When adopting a dog, especially if it comes from a kennel or has been saved from the road, it is important to know the dog’s age so as to adjust accordingly to the food and care it needs to do. It is very important to calculate the age of a dog also to start a proper vaccination program, as you can see in this article: Vaccines for Dogs: what are they and when to do them
There are many people to know the years of a dog in relation to those of a human being, they make a simple multiplication for seven, so if a dog is 3 years old can be compared to a 21-year-old … but this is incorrect, and you will find out in this article.
We will explain how to calculate the age of a dog based on teeth and other physical factors, and how to compare the age of a dog to human time with precision.
How to Calculate the Age of a Dog
The safest way to know the approximate age of a dog is to look closely at his teeth, which show some peculiarities in each stage of life.
So, to count your dog’s years more or less accurate, just look at your teeth and check the following:
- 2 – 3 weeks: they have no teeth yet
- 4 – 5 weeks: the first milk teeth begin to emerge
- 5 – 6 weeks: the incisors and premolars begin to emerge
- 7 – 8 weeks: the dog already has all the dairy teeth (twenty-eight) and there will be no changes for another four months
- 4 to 5 months: milk teeth begin to fall and the permanent ones begin to spin
- 6 to 8 months: the dog already has all the teeth (forty-two), very white and shiny
- 2 – 4 years: the teeth begin to become slightly yellow and have a bit of tartar
- 5 to 9 years: the presence of the tartar is more evident and the teeth are more yellowish
- 10 to 15 years: the presence of the tartar accentuates and may lack teeth. Their color is darker
If you want to read more, read this article: Dental Period in Dogs
Evaluating the general physical shape and muscle tone of the dog will give us an additional idea of the approximate age of a dog that can be, especially at a young age.
- Eyes: Bright eyes, no tears or secretions are more common in young dogs. The opaque eyes can cause cataracts in an older dog.
- Musculature: As in men, muscles lose volume and tone over the years. This is a clear sign of the dog’s age.
- Behavior: Adult and older dogs begin to be less active, and generally more irritable. Also, they may start having different behaviors when it comes to going out for a walk, sleeping more, not recognizing family members, etc.

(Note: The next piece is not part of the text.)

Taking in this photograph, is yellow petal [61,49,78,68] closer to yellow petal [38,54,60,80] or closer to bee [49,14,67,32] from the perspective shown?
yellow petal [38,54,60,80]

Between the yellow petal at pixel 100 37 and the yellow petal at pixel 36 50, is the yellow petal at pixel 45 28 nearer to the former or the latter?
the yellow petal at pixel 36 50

- The hair: the puppies have a silky hair and very similar to the plush. A young dog will have the hair soft and up, while an adult dog usually has a coarse coat and sometimes has some white stains near the nose.
Dog Years Vs Human Years
Most people, to equalize the dog’s years with those of humans, make a simple multiplication of the dog’s years by seven. So if a dog is two years old, many people think that they are equivalent to the 14-year-old human (2 x 7 = 14). But this formula is not always correct.

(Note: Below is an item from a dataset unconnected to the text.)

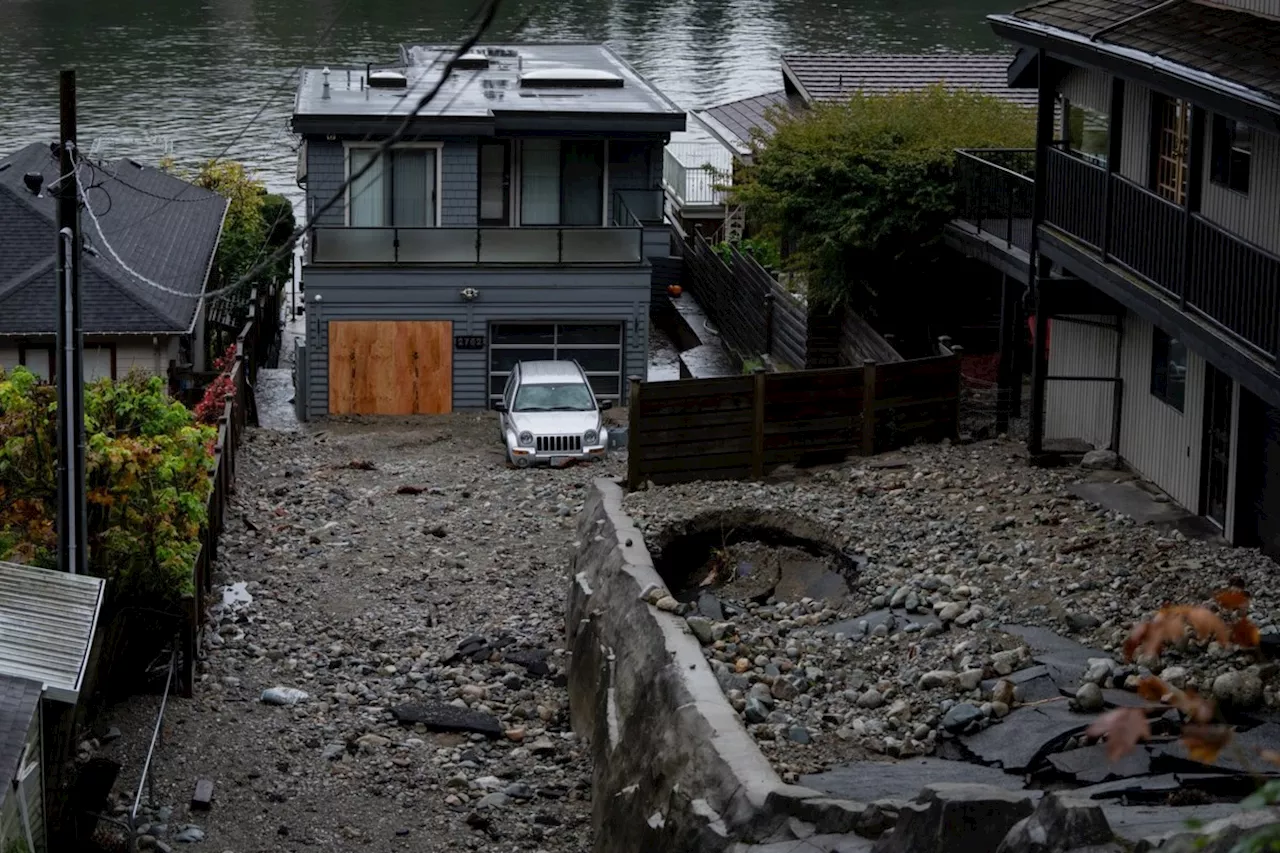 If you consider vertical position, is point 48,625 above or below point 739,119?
below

Not all dogs have the same life expectancy. Small-sized dogs live on average 15 years while larger-sized dogs have an average life of 10 years.

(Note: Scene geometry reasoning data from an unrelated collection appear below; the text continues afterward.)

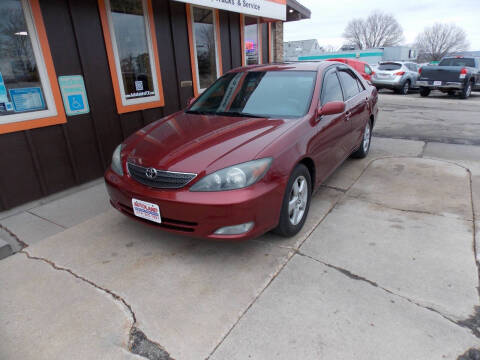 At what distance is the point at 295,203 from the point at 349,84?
7.69 feet

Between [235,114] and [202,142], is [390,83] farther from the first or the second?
[202,142]

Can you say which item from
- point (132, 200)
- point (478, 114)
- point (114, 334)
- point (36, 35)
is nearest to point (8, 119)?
point (36, 35)

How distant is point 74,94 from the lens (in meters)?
4.20

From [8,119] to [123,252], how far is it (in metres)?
2.20

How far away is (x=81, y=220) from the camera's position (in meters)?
Result: 3.52

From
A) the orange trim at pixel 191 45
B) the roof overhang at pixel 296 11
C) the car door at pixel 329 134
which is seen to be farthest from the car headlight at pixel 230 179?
the roof overhang at pixel 296 11

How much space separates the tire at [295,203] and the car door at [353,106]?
1246 mm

Of course, everything links to the environment and the health of the animal … and a better quality of life corresponds to a greater expectation of life.
The right thing would be to make a fair division if a human being has an average life expectancy of eighty; we have to divide this figure from the actual expectation of a dog’s life. As the smaller dogs live on average 15 years, we should use the multiple of 5.3 (80 divided 15 = 5.3).
So if your dog belongs to a small breed, to know how much your age are in human years you will have to multiply your years by 5.3.
If the dog is 5 years old, it is comparable to a 26-year-old (5 x 5, 3 = 26.5), if the dog is 2 years old, it is comparable to a 10-year-old person (2 x 5.3 = 10.6).
The large dogs have a shorter life, averaging 10 years. So if we divide 80 (average life years for a human) with 10 (average life years of a big dog), we should use the multiple of 8 (80 divided by 10 = 8).
So if you have a big, big dog and is 2 years old, it could be compared to a 16-year-old teenager (2 x 8 = 16), and if your dog reached the age of 5 it could be compared to an adult man 40 years (5 x 8 = 40).
To say the truth, equating the dog’s years with those of humans is a rather bizarre idea, also because dogs have a very different evolutionary system than that of humans. To give you an idea, a one-year-old dog would be at the stage of puberty, and two or three years old would already be in the adult phase of a human being.
In conclusion about the age of a dog, we can say that small dogs begin to age to 11-12 years, middle-aged dogs 9-10 years, and large dogs 7-8 years old. In general, at the age of eight, we can say that a dog begins to enter his “third age”, that is, an advanced age.